### Assignment
Everything from the first line of the entries through the line containing "Nicholas Roerich Poster" is to be retyped exactly, and nothing beyond it.

### Entries provided
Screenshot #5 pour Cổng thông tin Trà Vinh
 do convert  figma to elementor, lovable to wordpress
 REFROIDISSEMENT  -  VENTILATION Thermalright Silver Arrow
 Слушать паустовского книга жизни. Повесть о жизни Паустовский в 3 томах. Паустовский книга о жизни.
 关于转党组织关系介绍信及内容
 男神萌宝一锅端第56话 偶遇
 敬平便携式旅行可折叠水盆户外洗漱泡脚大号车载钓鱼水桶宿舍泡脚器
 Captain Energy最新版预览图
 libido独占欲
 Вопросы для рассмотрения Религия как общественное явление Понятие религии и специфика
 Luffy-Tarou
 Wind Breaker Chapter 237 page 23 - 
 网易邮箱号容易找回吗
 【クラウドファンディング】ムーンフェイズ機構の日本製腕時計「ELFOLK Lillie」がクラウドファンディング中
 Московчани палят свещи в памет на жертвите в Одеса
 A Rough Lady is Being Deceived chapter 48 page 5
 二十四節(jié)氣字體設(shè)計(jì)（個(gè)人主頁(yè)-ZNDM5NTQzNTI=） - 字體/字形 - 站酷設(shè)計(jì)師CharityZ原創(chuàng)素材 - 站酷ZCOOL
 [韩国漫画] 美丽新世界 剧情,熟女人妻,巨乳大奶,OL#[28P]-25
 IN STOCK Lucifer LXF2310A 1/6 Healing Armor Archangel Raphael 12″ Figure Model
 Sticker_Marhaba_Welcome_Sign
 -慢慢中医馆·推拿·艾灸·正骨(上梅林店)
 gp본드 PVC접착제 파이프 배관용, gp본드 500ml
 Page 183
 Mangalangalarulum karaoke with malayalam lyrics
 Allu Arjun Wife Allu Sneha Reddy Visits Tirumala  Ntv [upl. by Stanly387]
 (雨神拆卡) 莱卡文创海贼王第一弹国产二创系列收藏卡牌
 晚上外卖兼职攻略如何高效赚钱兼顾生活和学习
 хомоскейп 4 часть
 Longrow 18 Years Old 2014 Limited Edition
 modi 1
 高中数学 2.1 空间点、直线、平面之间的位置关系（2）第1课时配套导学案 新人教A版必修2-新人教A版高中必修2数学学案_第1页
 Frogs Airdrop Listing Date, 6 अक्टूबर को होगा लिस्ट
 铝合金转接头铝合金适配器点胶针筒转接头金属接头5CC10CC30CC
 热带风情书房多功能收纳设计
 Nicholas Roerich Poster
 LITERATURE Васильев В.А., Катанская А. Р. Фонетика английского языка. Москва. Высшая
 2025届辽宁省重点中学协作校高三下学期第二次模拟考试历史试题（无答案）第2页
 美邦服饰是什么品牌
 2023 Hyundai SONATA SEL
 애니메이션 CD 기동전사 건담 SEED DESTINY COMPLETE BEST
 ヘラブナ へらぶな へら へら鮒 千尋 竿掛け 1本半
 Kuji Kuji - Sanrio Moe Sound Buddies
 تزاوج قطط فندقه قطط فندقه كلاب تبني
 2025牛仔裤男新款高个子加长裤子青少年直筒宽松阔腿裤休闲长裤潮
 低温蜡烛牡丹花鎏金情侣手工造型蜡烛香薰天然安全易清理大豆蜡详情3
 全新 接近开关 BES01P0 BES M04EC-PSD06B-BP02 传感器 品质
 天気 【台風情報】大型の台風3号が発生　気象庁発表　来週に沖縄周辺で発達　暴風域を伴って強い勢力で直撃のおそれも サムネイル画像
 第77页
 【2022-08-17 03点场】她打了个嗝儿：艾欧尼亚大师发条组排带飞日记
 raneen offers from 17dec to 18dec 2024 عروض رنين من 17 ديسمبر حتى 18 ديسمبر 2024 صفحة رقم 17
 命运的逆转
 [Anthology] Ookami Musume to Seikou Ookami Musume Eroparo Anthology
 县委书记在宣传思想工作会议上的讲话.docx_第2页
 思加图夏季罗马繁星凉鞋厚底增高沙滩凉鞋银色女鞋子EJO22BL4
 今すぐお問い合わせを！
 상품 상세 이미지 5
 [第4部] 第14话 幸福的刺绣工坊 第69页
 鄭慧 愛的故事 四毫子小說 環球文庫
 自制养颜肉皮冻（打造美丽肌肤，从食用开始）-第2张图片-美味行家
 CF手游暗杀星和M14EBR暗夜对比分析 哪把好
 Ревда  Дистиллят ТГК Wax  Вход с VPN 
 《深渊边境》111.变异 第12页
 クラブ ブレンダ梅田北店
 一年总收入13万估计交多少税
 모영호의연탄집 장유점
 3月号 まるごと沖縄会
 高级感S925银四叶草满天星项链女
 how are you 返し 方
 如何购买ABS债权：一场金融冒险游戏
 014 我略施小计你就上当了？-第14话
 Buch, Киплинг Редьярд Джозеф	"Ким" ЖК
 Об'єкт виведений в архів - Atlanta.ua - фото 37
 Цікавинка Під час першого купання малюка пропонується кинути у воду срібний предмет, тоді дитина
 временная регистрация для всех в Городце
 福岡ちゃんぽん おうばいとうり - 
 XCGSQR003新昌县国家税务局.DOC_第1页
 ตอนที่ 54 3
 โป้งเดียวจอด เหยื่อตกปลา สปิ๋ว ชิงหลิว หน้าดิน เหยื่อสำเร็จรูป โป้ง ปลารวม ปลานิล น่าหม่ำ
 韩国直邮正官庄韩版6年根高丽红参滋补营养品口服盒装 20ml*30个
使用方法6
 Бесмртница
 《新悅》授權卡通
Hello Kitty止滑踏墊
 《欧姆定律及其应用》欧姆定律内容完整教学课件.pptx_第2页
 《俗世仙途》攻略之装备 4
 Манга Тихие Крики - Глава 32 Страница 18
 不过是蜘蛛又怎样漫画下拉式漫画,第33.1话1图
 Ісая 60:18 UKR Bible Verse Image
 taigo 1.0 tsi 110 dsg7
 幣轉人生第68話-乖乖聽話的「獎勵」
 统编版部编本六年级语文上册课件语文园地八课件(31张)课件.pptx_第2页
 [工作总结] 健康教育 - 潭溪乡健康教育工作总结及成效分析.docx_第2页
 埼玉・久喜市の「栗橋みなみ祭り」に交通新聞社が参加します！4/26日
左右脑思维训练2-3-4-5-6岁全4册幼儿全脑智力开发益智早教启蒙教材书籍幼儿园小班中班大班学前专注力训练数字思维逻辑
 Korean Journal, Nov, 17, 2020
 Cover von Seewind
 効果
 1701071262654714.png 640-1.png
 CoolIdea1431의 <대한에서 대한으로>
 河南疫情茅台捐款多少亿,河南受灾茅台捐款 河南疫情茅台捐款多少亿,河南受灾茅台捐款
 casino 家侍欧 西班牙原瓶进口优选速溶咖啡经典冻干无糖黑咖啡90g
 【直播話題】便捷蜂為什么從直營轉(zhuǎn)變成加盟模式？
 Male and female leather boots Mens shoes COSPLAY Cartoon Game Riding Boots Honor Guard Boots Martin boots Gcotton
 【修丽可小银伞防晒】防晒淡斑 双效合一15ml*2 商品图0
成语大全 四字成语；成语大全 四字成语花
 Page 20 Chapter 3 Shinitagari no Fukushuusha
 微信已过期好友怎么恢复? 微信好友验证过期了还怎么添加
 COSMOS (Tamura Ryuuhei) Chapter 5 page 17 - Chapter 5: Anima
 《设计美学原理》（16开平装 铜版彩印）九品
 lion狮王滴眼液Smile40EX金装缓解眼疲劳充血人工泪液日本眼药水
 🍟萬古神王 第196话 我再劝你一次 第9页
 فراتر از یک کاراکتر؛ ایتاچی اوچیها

### Exercise response
Screenshot #5 pour Cổng thông tin Trà Vinh
 do convert  figma to elementor, lovable to wordpress
 REFROIDISSEMENT  -  VENTILATION Thermalright Silver Arrow
 Слушать паустовского книга жизни. Повесть о жизни Паустовский в 3 томах. Паустовский книга о жизни.
 关于转党组织关系介绍信及内容
 男神萌宝一锅端第56话 偶遇
 敬平便携式旅行可折叠水盆户外洗漱泡脚大号车载钓鱼水桶宿舍泡脚器
 Captain Energy最新版预览图
 libido独占欲
 Вопросы для рассмотрения Религия как общественное явление Понятие религии и специфика
 Luffy-Tarou
 Wind Breaker Chapter 237 page 23 - 
 网易邮箱号容易找回吗
 【クラウドファンディング】ムーンフェイズ機構の日本製腕時計「ELFOLK Lillie」がクラウドファンディング中
 Московчани палят свещи в памет на жертвите в Одеса
 A Rough Lady is Being Deceived chapter 48 page 5
 二十四節(jié)氣字體設(shè)計(jì)（個(gè)人主頁(yè)-ZNDM5NTQzNTI=） - 字體/字形 - 站酷設(shè)計(jì)師CharityZ原創(chuàng)素材 - 站酷ZCOOL
 [韩国漫画] 美丽新世界 剧情,熟女人妻,巨乳大奶,OL#[28P]-25
 IN STOCK Lucifer LXF2310A 1/6 Healing Armor Archangel Raphael 12″ Figure Model
 Sticker_Marhaba_Welcome_Sign
 -慢慢中医馆·推拿·艾灸·正骨(上梅林店)
 gp본드 PVC접착제 파이프 배관용, gp본드 500ml
 Page 183
 Mangalangalarulum karaoke with malayalam lyrics
 Allu Arjun Wife Allu Sneha Reddy Visits Tirumala  Ntv [upl. by Stanly387]
 (雨神拆卡) 莱卡文创海贼王第一弹国产二创系列收藏卡牌
 晚上外卖兼职攻略如何高效赚钱兼顾生活和学习
 хомоскейп 4 часть
 Longrow 18 Years Old 2014 Limited Edition
 modi 1
 高中数学 2.1 空间点、直线、平面之间的位置关系（2）第1课时配套导学案 新人教A版必修2-新人教A版高中必修2数学学案_第1页
 Frogs Airdrop Listing Date, 6 अक्टूबर को होगा लिस्ट
 铝合金转接头铝合金适配器点胶针筒转接头金属接头5CC10CC30CC
 热带风情书房多功能收纳设计
 Nicholas Roerich Poster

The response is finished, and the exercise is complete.